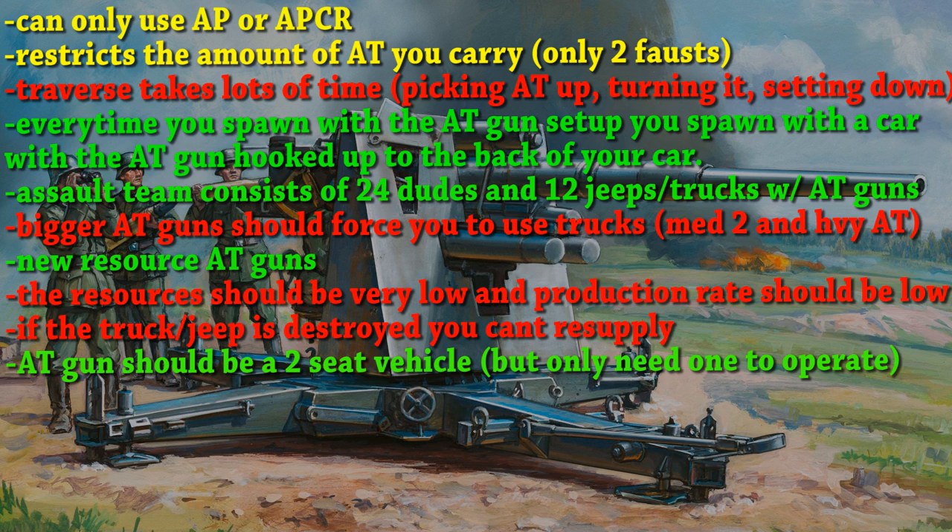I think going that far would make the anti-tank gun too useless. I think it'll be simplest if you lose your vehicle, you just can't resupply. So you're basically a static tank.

--

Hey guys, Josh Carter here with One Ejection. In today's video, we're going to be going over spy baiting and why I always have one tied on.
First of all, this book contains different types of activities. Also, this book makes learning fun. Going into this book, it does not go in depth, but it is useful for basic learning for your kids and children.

AIM OF THE TASK:
Look above for the line with "Hey guys, Josh"; retype exactly that line, every line after it up to the line with "First of all, this", and that line too, nothing else.

REPLY TO THE TASK:
Hey guys, Josh Carter here with One Ejection. In today's video, we're going to be going over spy baiting and why I always have one tied on.
First of all, this book contains different types of activities. Also, this book makes learning fun. Going into this book, it does not go in depth, but it is useful for basic learning for your kids and children.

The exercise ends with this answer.